The Honourable Johnny Greenall, son of the Baron of Daresbury, and Glen Morris, of Ludgate Street, Tutbury, were secretly filmed by anti-hunt protesters trying to kill foxes near Hilton.
Greenall, 52, was fined £3,515 and Morris, 43, currently off work while suffering from depression, was ordered to pay £515.
Both men denied breaching the Hunting Act but were both convicted yesterday. Greenall paid the fine in full before leaving court.
Footage played at South Derbyshire Magistrates’ Court showed members of the Meynell and South Staffordshire Hunt surrounding a wood at Suffield Farm in Sutton on the Hill in October last year.
The hounds entered the wood to hunt young foxes in a sport known as ‘cubbing’.
One fleeing fox was scared back into the wood by the surrounding huntsmen who were clapping their hands.
Bertie Woodcock QC, defending, said that the footage did not show Greenall was clearly involved.
But Sarah Lloyd, prosecuting, said Roger Swain, one of the protesters who filmed the hunt with a handheld camera, was certain Greenall was chasing one of the foxes.
Hunting foxes with dogs was made illegal in the 2004 Hunting Act.
But Mr Woodcock made an application to the district judge to throw out the case against the defendants as there was ‘no case to answer’.
This was turned down by district judge Caroline Goulborn. The defendants chose not to give evidence in court.
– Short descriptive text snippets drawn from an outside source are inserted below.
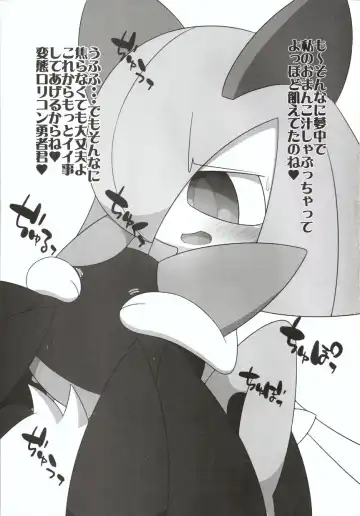 [Nitrile] Chuukan Shinka no Ko ni Kotobazeme Shite Itadaku Hon Fhentai - Page 6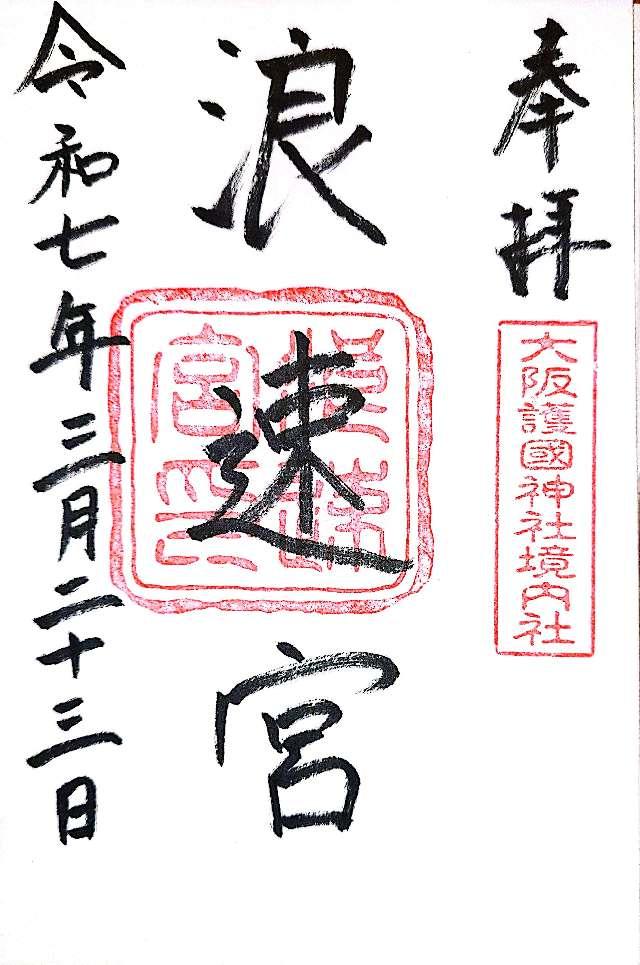 浪速宮(大阪護国神社境内社)の御朱印1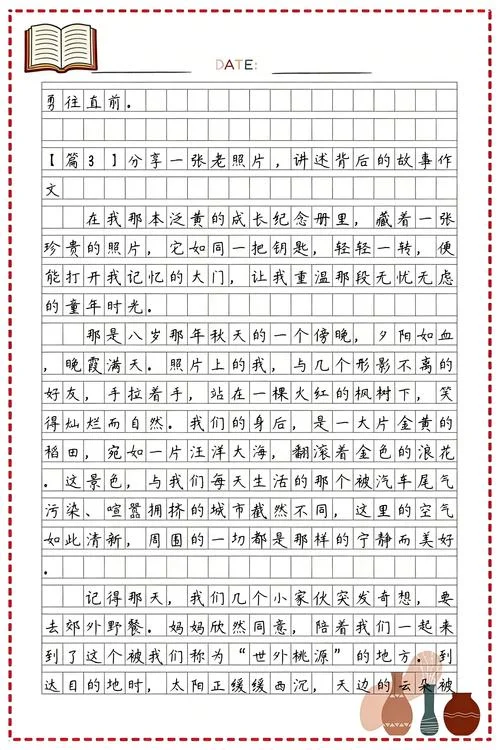 历史老照片背后的故事_2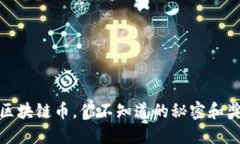 签到送区块链币，你不知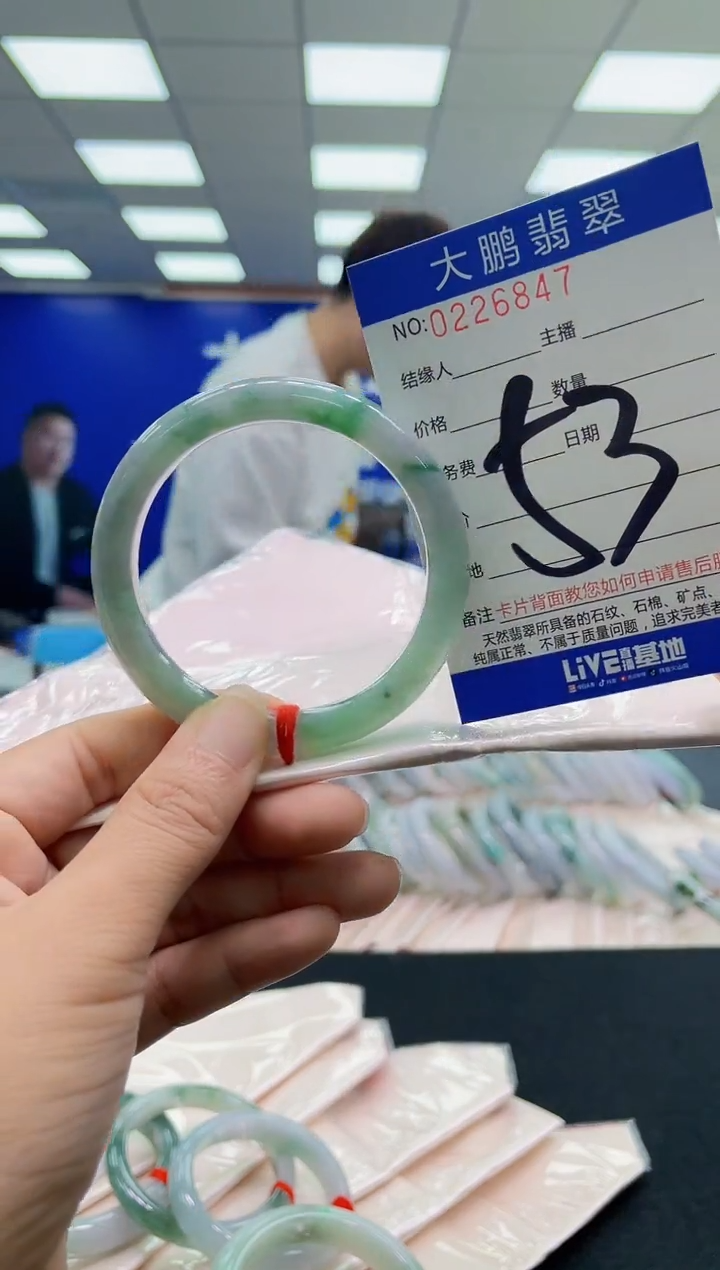 未镶嵌手镯翡翠AAAAAAAAAA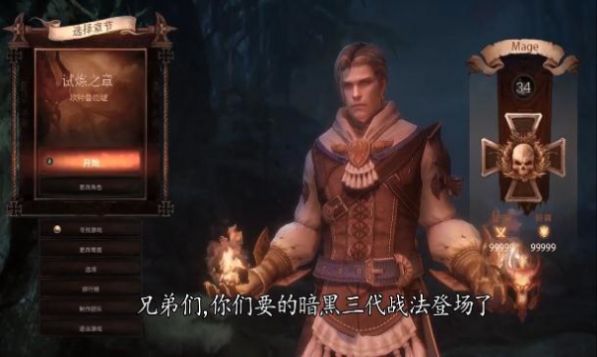 玄武复古区手游官方最新版  v4.3.3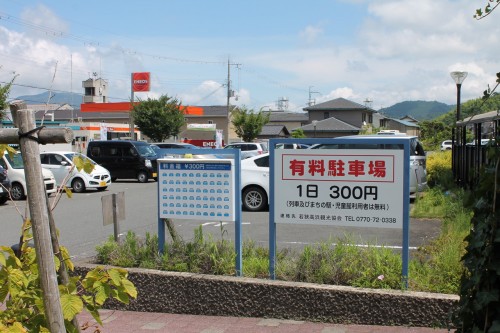 Wakasa Takahama Station Car Park, Fukui prefecture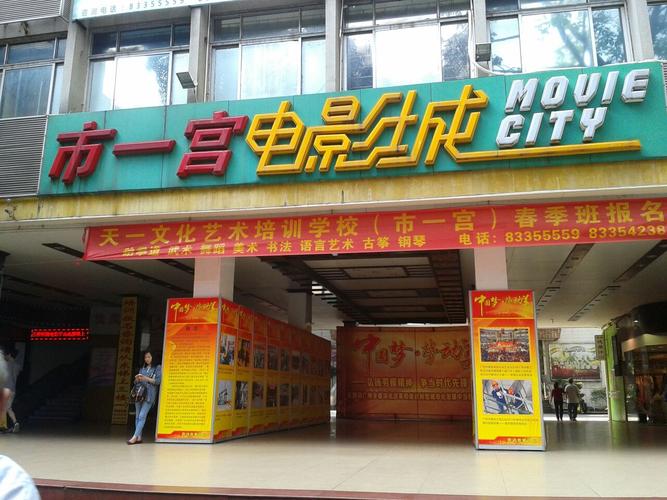 操出白浆怎么回事的相关介绍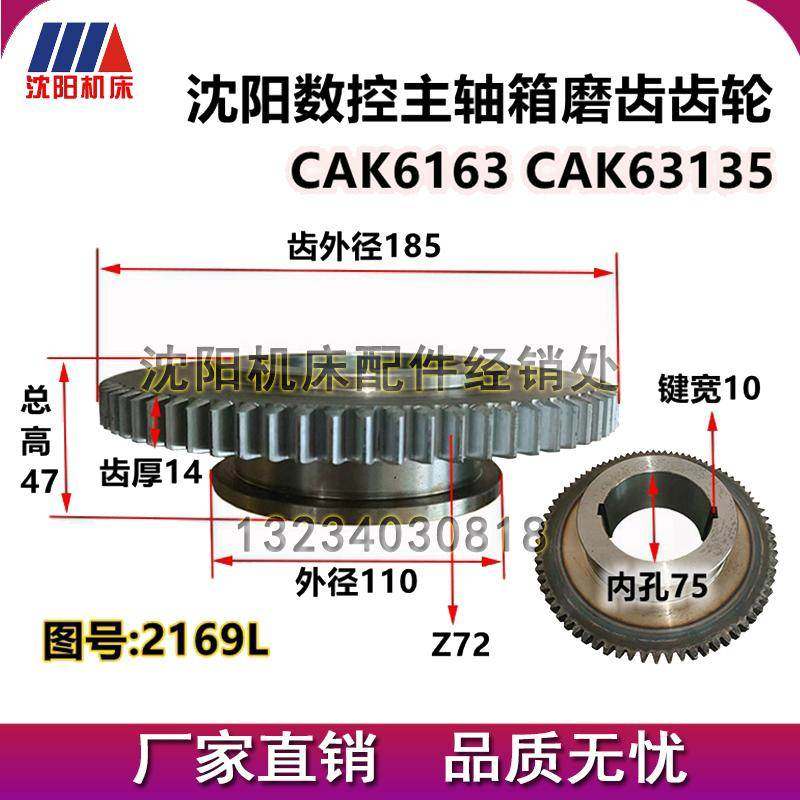 沈阳数控CAK6163 CAK63135主轴箱磨齿齿轮图号2169L Z72 图号2154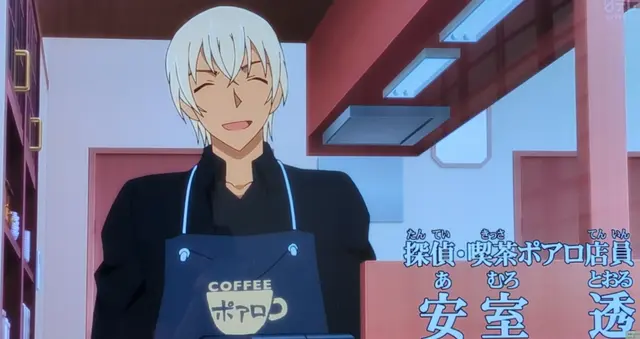 Profile image of 安室透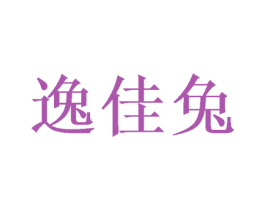逸佳兔 商标图样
Summing up, the judge said: “The evidence that Greenall was the hunt master is not in dispute nor is the fact that he was there that day.
“Greenall gave an innocent explanation as to why he was there in his police interview. But he has chosen not to give evidence in front of me.
“This is because the evidence would not stand up to any scrutiny.” Speaking outside court, Mr Swain said: “We are very pleased that the case has been successful. It is a relief to know that justice has been done.
“The downside to the situation is that the pack of hounds is out there and is trained to kill fox cubs.
“We will be continuing the work we have been doing to put a stop to fox hunting.”
Tim Bonner, from the Countryside Alliance, was disappointed with the ruling. He said: “I am surprised at the verdict when there is no evidence in which foxes are shown to be pursued, let alone being caught by the hounds.
“The two clients are considering their options.”
Steve Harris, head of enforcement at The League Against Cruel Sports, said: “We are very pleased that Derbyshire Police thoroughly investigated this case and that the Crown Prosecution Service were willing to allow a court to decide on who was telling the truth.”